Beginning with the line that contains "Angelic Queen in Psychedelic Ocean Fire", retype the entries below exactly, ending with the line that contains "2025 Topps Archives". Leave out any pictures.

Data listing:
══════════

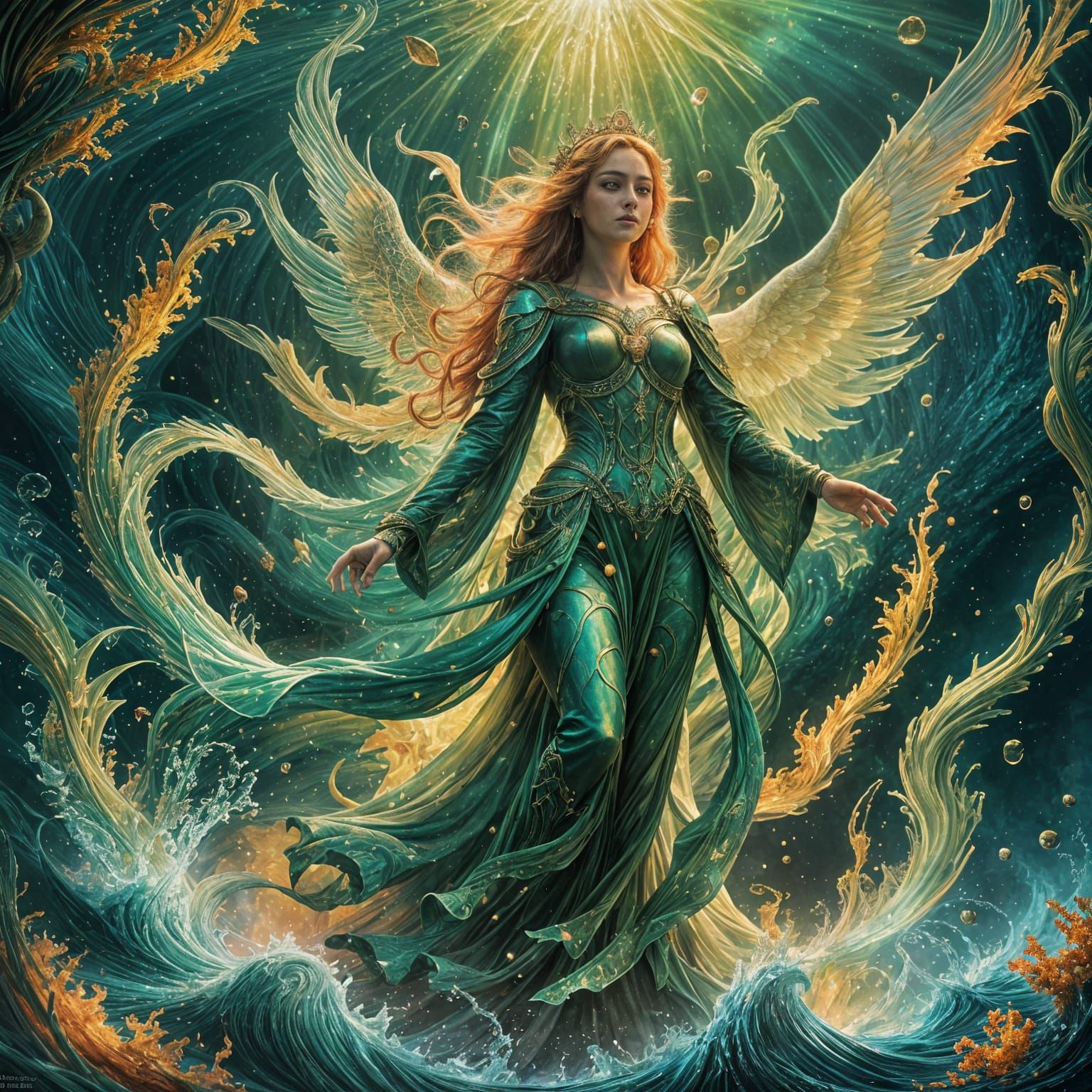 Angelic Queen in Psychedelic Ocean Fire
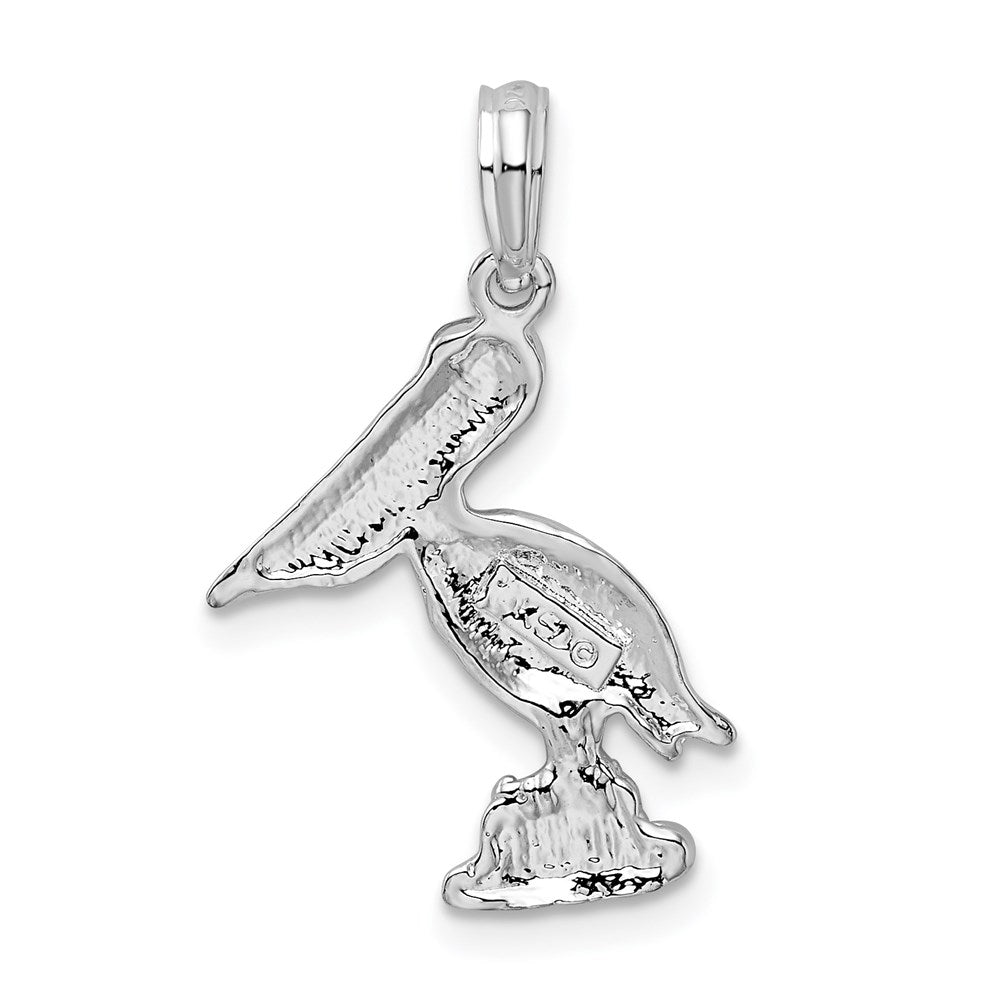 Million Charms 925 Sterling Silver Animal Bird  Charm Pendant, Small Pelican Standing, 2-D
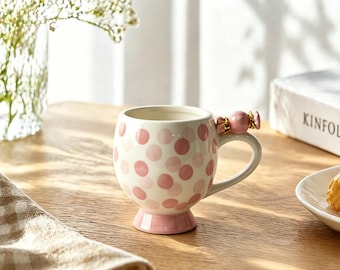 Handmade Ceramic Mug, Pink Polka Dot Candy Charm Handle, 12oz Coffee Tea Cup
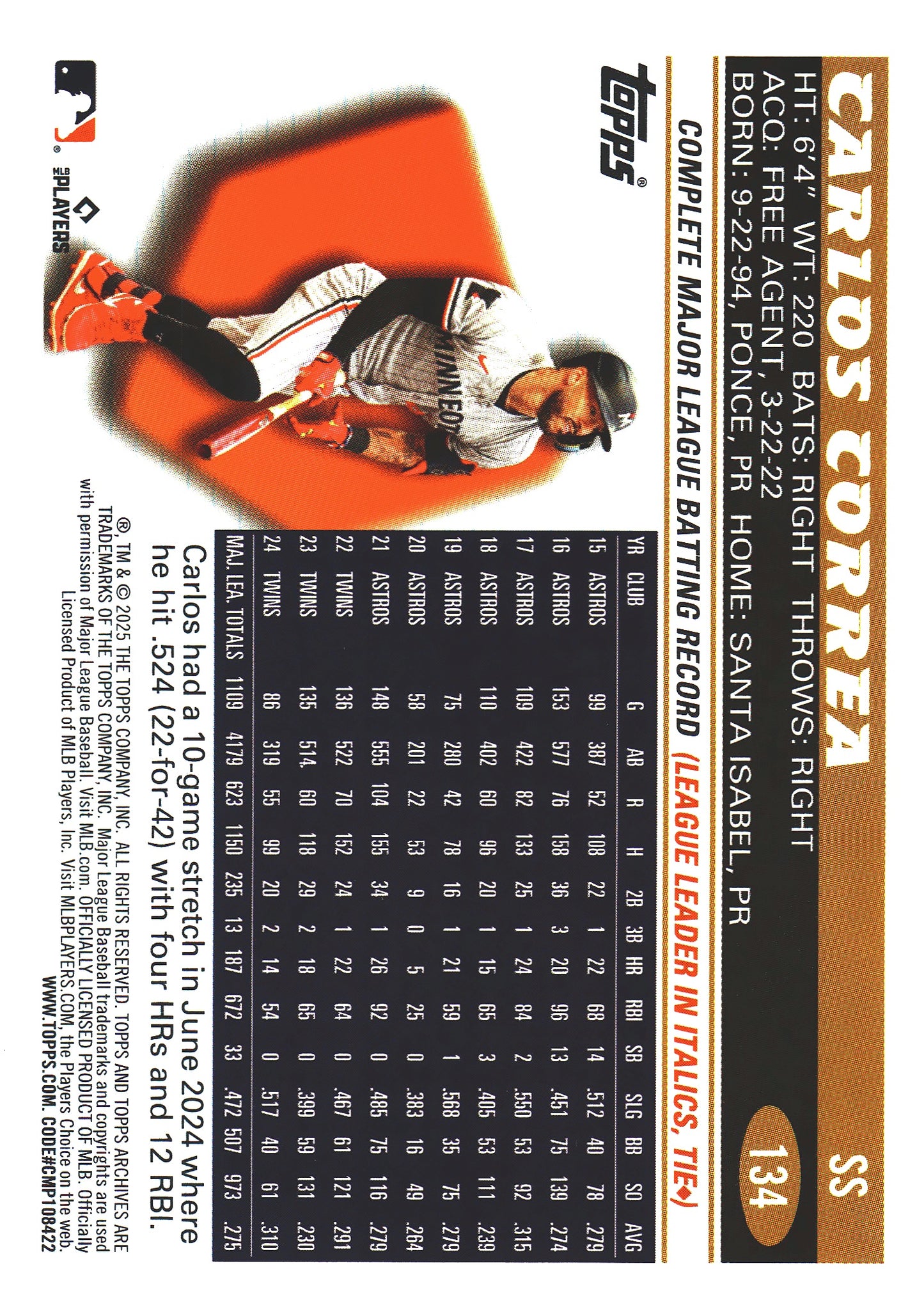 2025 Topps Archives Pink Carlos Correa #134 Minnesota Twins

══════════

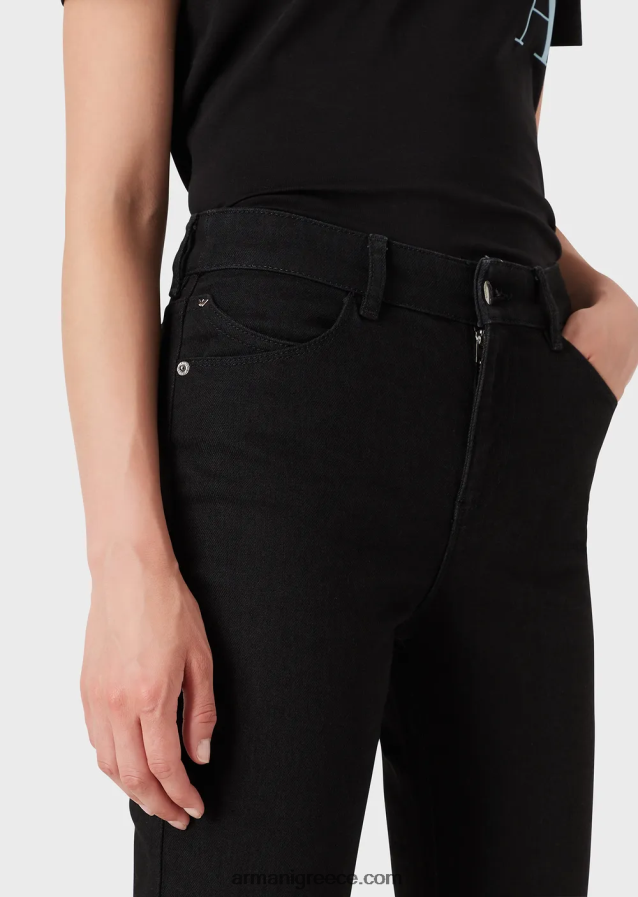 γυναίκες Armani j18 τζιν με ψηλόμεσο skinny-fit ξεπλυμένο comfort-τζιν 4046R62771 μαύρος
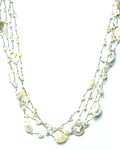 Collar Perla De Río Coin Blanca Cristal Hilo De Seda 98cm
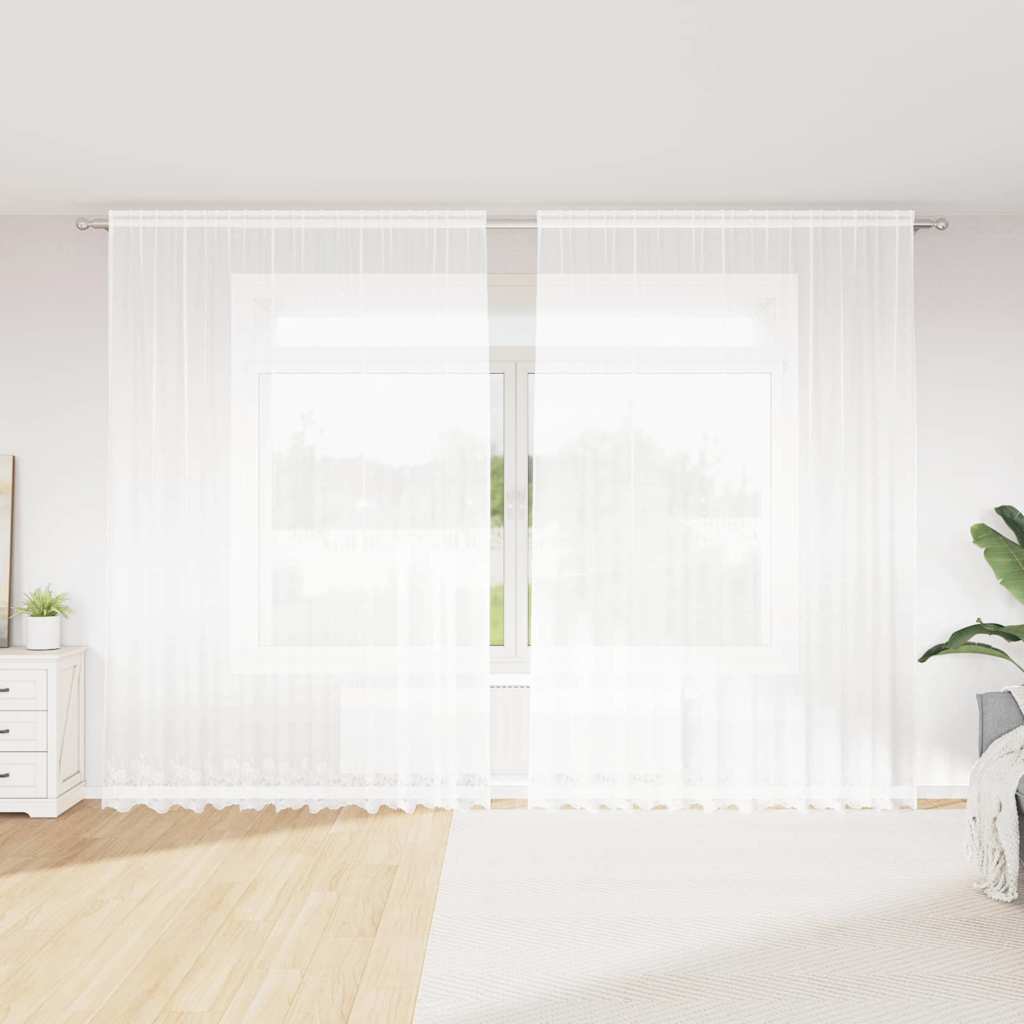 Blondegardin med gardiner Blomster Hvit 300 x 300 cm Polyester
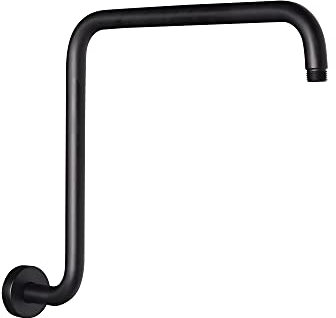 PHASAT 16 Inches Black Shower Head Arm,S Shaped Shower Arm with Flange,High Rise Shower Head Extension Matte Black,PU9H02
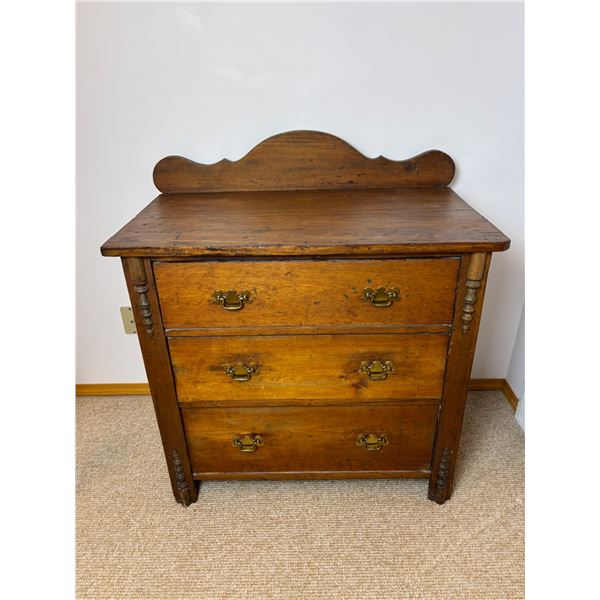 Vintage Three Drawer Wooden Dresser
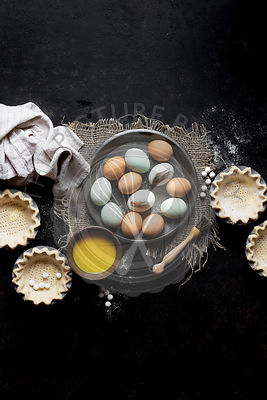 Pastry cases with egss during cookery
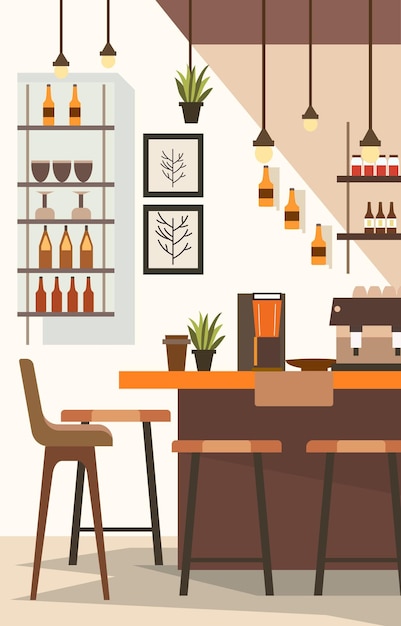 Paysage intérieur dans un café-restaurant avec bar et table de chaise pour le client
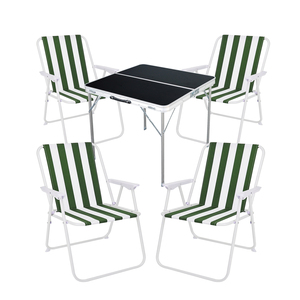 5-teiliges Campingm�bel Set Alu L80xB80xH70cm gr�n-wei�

══════════

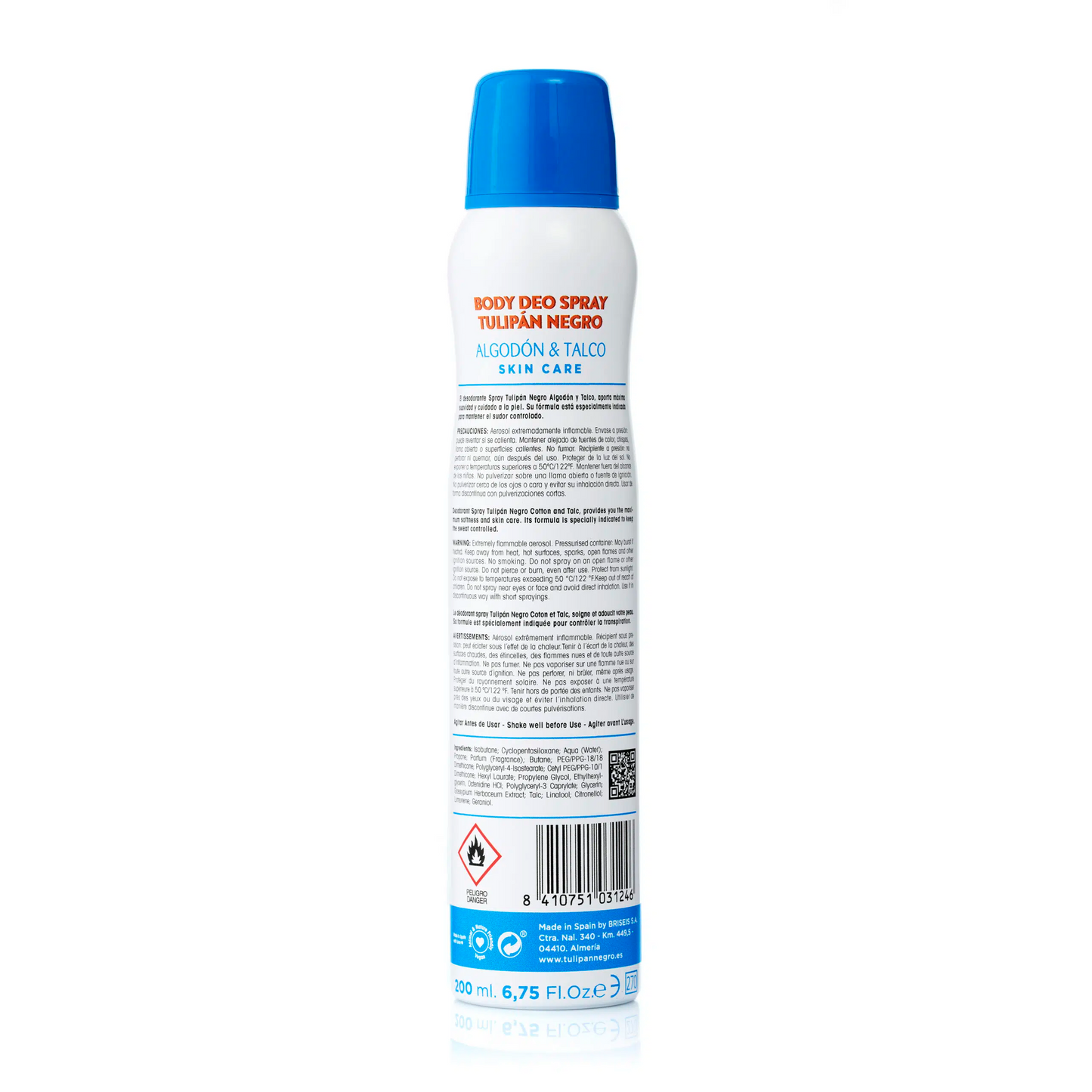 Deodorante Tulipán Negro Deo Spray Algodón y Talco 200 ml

══════════

Answer for this exercise:
 Angelic Queen in Psychedelic Ocean Fire
 Million Charms 925 Sterling Silver Animal Bird  Charm Pendant, Small Pelican Standing, 2-D
 Handmade Ceramic Mug, Pink Polka Dot Candy Charm Handle, 12oz Coffee Tea Cup
 2025 Topps Archives Pink Carlos Correa #134 Minnesota Twins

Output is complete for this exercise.